In my work I like to be able to convey that to people, that these lenses are an amazing product and I’ve used them for some great publications. I really think that photographers should look to using Tamron lenses as a first choice rather than automatically looking to more expensive lenses for no other reason than that they think more expensive lenses will automatically be better.

PPD: Speaking of working in close to your subjects, you obviously have a great rapport with your subjects. Are you a natural director?

JR:  I just like people in general. I shoot less and I talk more. If you look at Annie Liebotwitz’s work as an example and you study her behind-the-scenes videos, most of it is purely conversational. There’s less shooting and more talking. I think technology today has made the photographers somewhat lazy in a way, it’s shoot more and pray that you’re going to get that shot and I try not to fall into that same mindset.

Think about all of the time that you waste at the backend trying to weed through all of those photos looking for that one good shot. You’re better off just getting it right in the camera the first time. I shoot less and I talk more because I want to become acquainted with who I’m photographing in a way that is very personable. I become friends with the people that I photograph because of that and I’ve been lucky to meet some amazing people and I’ve had some wonderful opportunities because of that. Some of the models that I’ve shot have recommended me to art directors based on the relationship that we have, not treating them like a subject and not treating them like a thing. I treat them like people and I appreciate their time. I try to listen more than anything else.

PPD: Do you have a small crew when you’re shooting? Is there typically an art director on set?

JR: The smaller the group the better for me, the less of a production the more intimate the shoot becomes. The less hands on deck the better. It’s just easier that way. For smaller sets I’m usually alone or there will be a hair stylist and a make up stylist. The make up stylist that I use is an amazing make up artist and she’ll put in her two cents, so it then becomes a team effort. She and I become our own art directors in that way. She’s worked in the industry for 10 or 15 years and she really knows what she’s doing.

For some of the commercial shoots I include an art director, but I try to make sure that the art director is very invested in the process. As an example, with one of the mens’ clothing lines that I work with, in the past the art director that was hired to work with me would just wait to see images come back from the shoot. She wasn’t happy with that, she wasn’t content. She would have to wade through several hundred photos from the shoot to find that one ideal shot. So I asked her to be there, on set, just for a couple of hours and I tethered the camera to her laptop so she could see things in real time and that way she could look at shots as there were made and tell me which ones she liked or didn’t like and then we would move forward.

PPD: Are you shooting a lot of video and are you enjoying that?

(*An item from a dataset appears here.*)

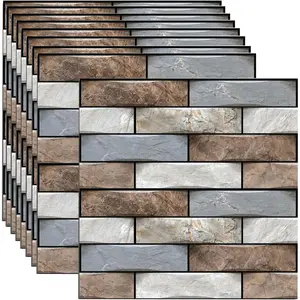 3D Wall Panels Peel and Stick,Faux Brick Wall Panel,10PCS 30x30cm Foam PVC Self Adhesive Wallpaper Application Such as Games Rooms, Offices, Hotels, Living Rooms, bedrooms and Kitchens. decorative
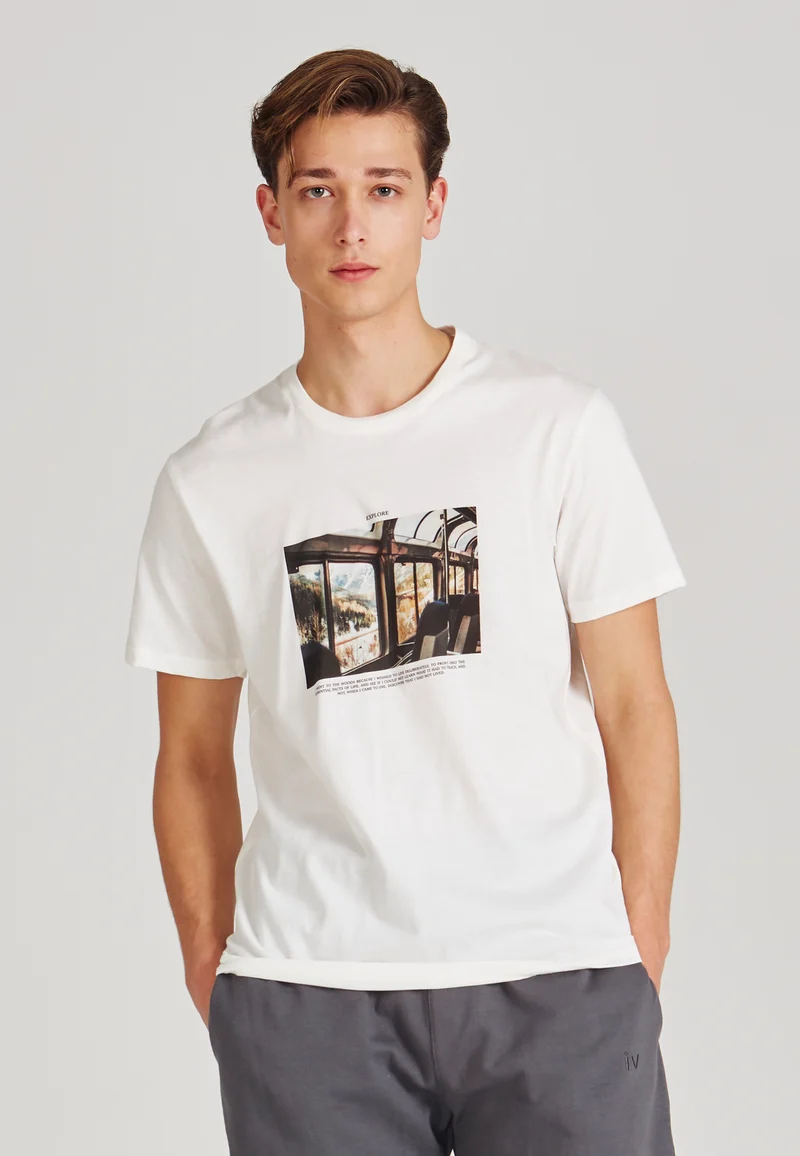 T-Shirt Colby Explore white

JR: I am and one of the first shoots that I did after I got laid off from my day job was a video that I did for Harley Davidson. I shot a commercial for them. I shot it with a 5D Mark II. Shooting video and creating video content has been wildly important for my success in marketing. I don’t want to do large video productions, but when I’m doing smaller productions I’m happy incorporating video. As my clients ask more for video I am all for that but I would prefer to be the director of photography, not just the camera operator. I’d rather look at a scene and say, “This is the ideal shot” and let someone else hold the camera and make the shot rather than be the person behind the camera that’s shooting it.

PPD: Are you shooting behind-the-scenes videos of your shoots?

JR: Absolutely. Most of the stuff that I have on Youtube is all behind-the-scenes content that I’ve shot and used as teaching segments.

PPD:  What advice do you have for someone that is thinking of going into the business?

JR:  Be unapologetically ambitious and don’t let people stop you and tell you that you can’t do something. Everything that you do, as long as it’s focused, will have some fruition. It may not be tomorrow or the next day, but if you have a plan and a goal and you’re not willing to take “no” as an answer, you will make it happen.